Op twee en twintig-jarige leeftijd werd Martinus gedoopt en het verlangen om de krijgsdienst te verwisselen met een taak, die zijn geest in een edeler sfeer besloten hield, werd met de dag groter. Na veel moeite kreeg hij verlof van de keizer om het zwaard voor goed in de schede te steken en we ontmoeten Martinus weldra in de omgeving van de heilige Hilarius, bisschop van Poitiers, de onvermoeibare bekamper van het Arianisme.

Van grote kerk- en cultuurhistorische betekenis voor Frankrijk en het hele Westen is Martinus' kloosterstichting te Ligugé, dat de bakermat werd van het monnikenwezen in West-Europa. Ligugé was niet enkel kweekplaats van deugden door harde tucht en soberheid, het werd ook een uitgangspunt voor de missionering van Frankrijk.

Na de dood van St.

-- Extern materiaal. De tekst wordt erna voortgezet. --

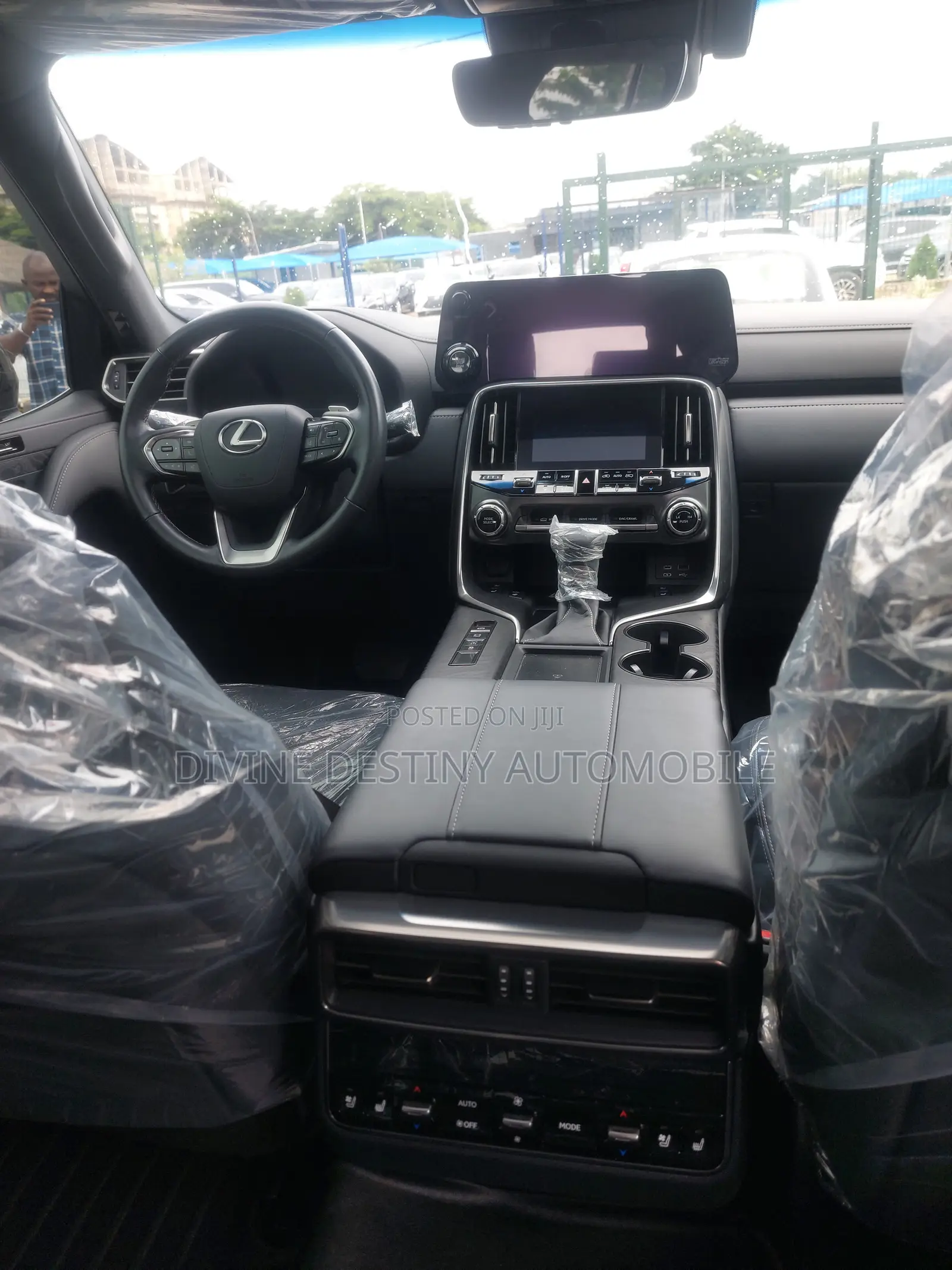 Lexus LX 2023 Gray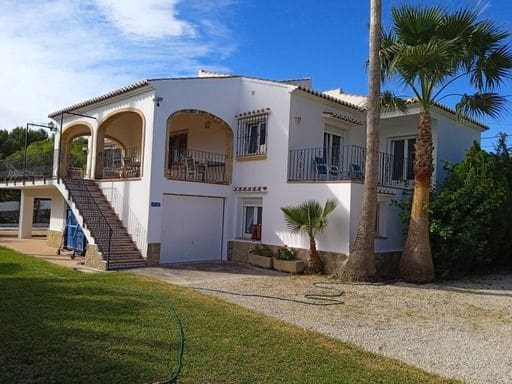 Chalet de 7 habitaciones en Javea / Xàbia en venta con piscina garaje - 850.000 € (Ref: 7879502)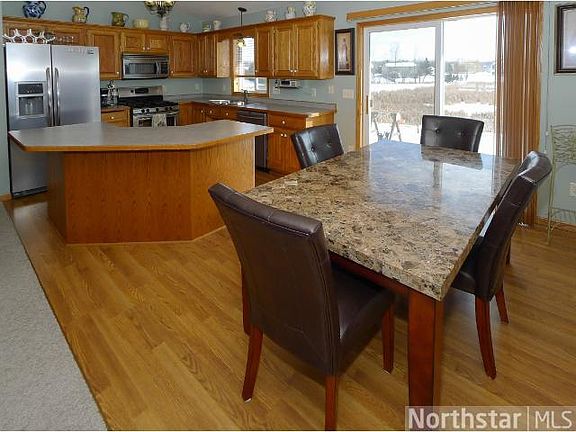 3rd image of 38463 Coventry Dr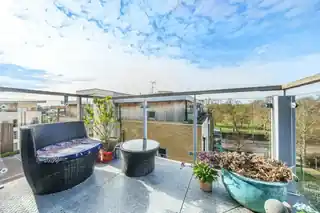 22, Needham Court, Blagrove Road, photo 4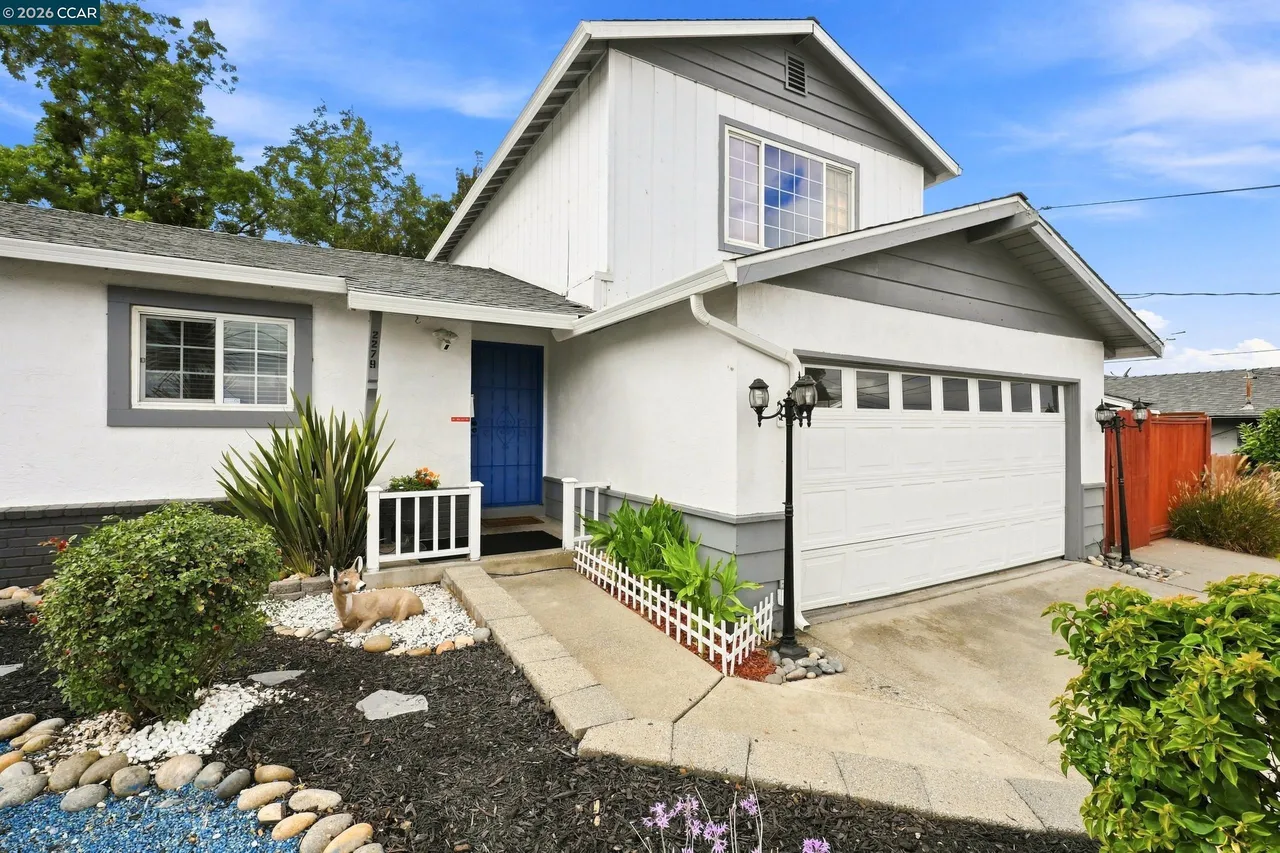 Front door entry at 2279 Saint George Dr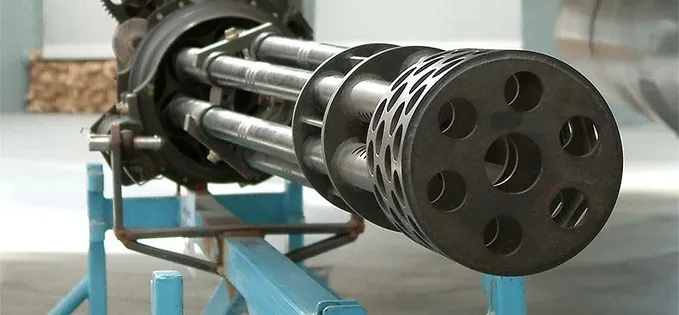 Sistemul CIWS Phalanx interceptând o rachetă în aer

Hilarius in 367 leek Martinus, die intussen tot diaken was gewijd, de aangewezen man om de heilige op te volgen, maar in zijn eenvoud en bescheidenheid weigerde hij hardnekkig het hoge ambt te aanvaarden. Ook te Tours wees hij het verzoek om de vacante bisschopszetel in te nemen aanvankelijk categorisch van de hand, maar onder de drang en door een list van de bevolking - hij werd in de letterlijke zin uit de eenzaamheid zijner cel geschaakt - aanvaardde hij tenslotte het hoge ambt. Het mag karakteristiek genoemd worden voor de bisschopskeuze van Martinus, dat hij de gekozene was van de kleine man, die de obstructie van de met het volk voor de verkiezing vergaderde prelaten overwon. Martinus hield niet van ornaat en zijn hele verschijning, zijn armoedige kluizenaarsplunje, zijn kaalgeschoren hoofd, zijn door vasten en ontbering vermagerd gelaat, deden hem ongeschikt lijken voor wie niet ontvankelijk waren voor de innerlijke waardij welke zijn pover uiterlijk doorstraalde. Zijn diocees was geen eenvoudig werkterrein. De stad Tours was grotendeels Ariaans, het omliggende platteland nog voor het merendeel heidens.

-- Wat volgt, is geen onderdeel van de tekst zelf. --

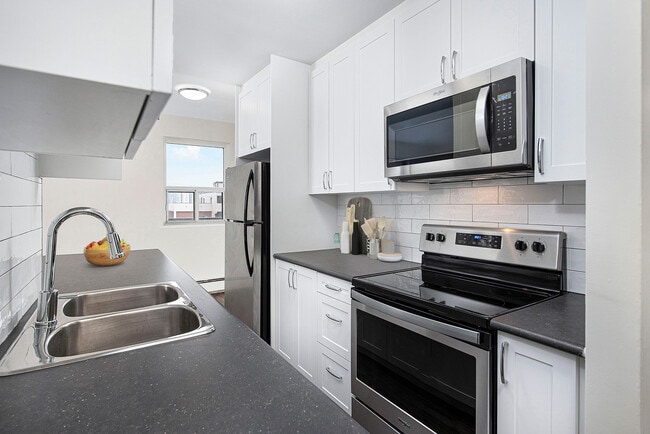 Photo - 3967 Lawrence Ave E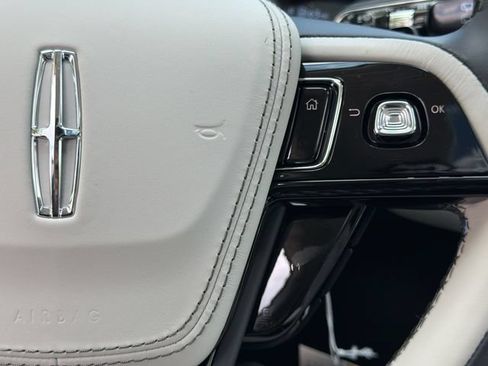 New 2026 Lincoln Aviator 2WD w/ Jet Appearance Package image 32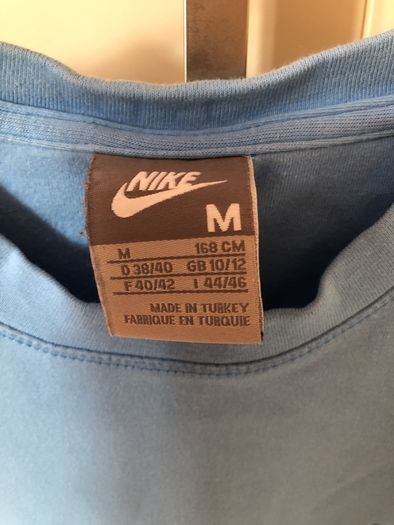 nike t-shirt blue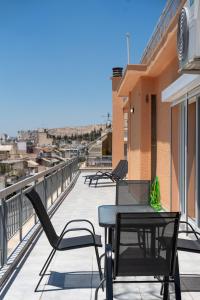 LIV - Sunny Penthouse Near Acropolis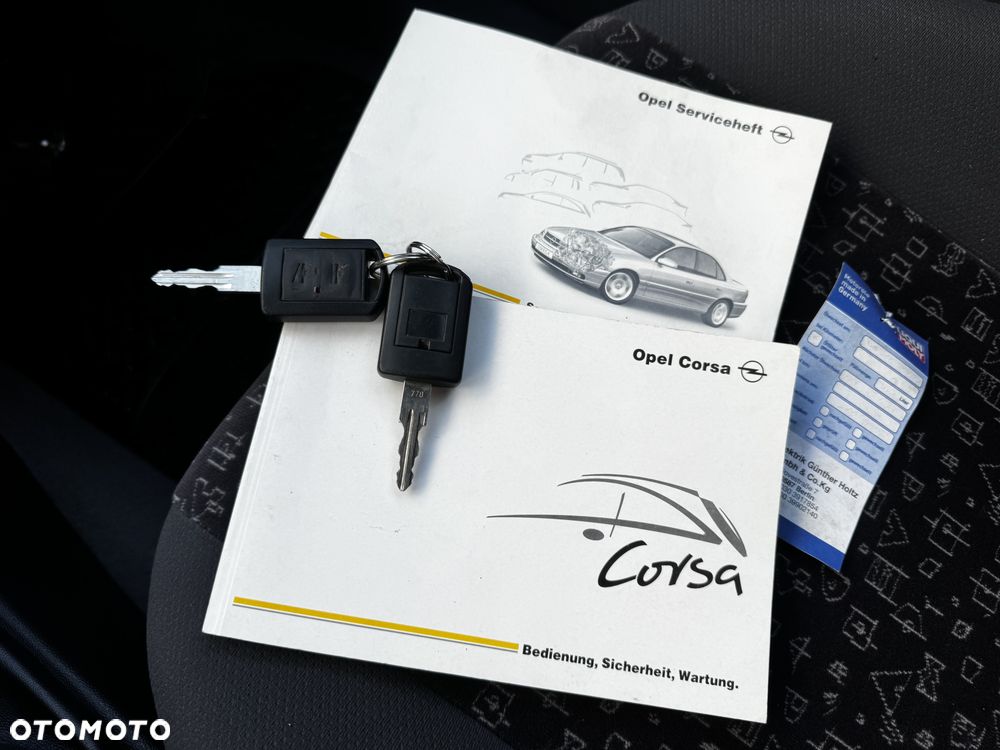 Opel Corsa 1.2 16V Comfort - 40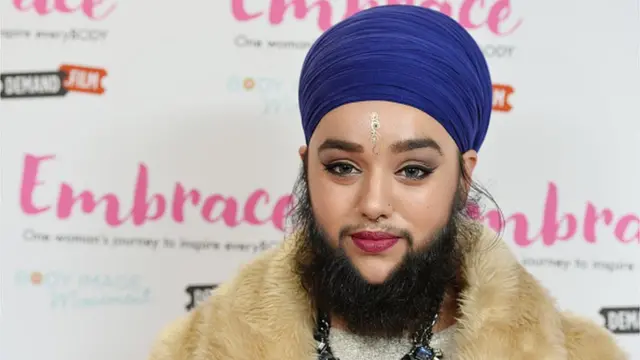 Harnaam Kaur tại một buổi công chiếu phim ở London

Door zijn geestelijk overwicht kon Martinus zich de weelde veroorloven de eenvoudige te blijven die hij was. Hij behoefde zich niet aan te passen, daar iedereen zijn zedelijke meerderheid erkende. Zo kon hij ook als bisschop, zonder ook maar enigszins in zijn taak te kort te schieten, zijn voorliefde voor de eenzaamheid behouden. Daarom trok hij zich terug in de stilte van Marmoutier, een ander Liguge', waar hij uit versterving en meditatie de krachten putte voor zijn overstelpend werk. Marmoutier was geen klooster met comfort, maar een verblijf, waar alleen de zeer sterken het uithielden. De monniken woonden er in houten hutten op rotswoningen en hielden zich, buiten het gebed, bezig met handenarbeid of het kopiëren van handschriften. Maar ondanks de harde discipline - Martinus was in weerwil van zijn goedhartigheid een man die -in het geestelijke geen middelmatigheid duldde -, was de geest van het klooster vriendelijk en zonnig. Marmoutier werd een stichting van zeer grote betekenis, een centrum van evangelisatie, dat uitstraalde over nagenoeg geheel Gallië. En talrijke monasteria werden naar het model van Marmoutier gesticht. Was het verblijf te midden van zijn eenvoudige broeders, weggedoken in de eenzaamheid, zijn ideaal, we moeten ons Martinus toch voorstellen als de steeds rondtrekkende bisschop, die overal het heidendom en het Arianisme, rigoureus en soepel naar gelang de omstandigheden, bestreed en kerken stichtte voor de levende God. Zo werd hij in waarheid de Apostel der Galliërs, want zijn werkzaamheid beperkte zich niet tot het bisdom Tours. Ook Picardië, Normandië, Franche-Comté, Bourgondië en andere gewesten hebben waarschijnlijk - getuigen de talrijke parochies in die streken aan hem gewijd - de zegen van zijn weldadig werk ondervonden. Hoe sterk de figuur van de heilige het Gallische volk geboeid heeft en welk een diepe indruk hij in het gemoed van de Fransen heeft achtergelaten, blijkt uit het feit dat dorpen, burchten en straten, fonteinen, bossen, wegen en zelfs bomen zijn naam dragen.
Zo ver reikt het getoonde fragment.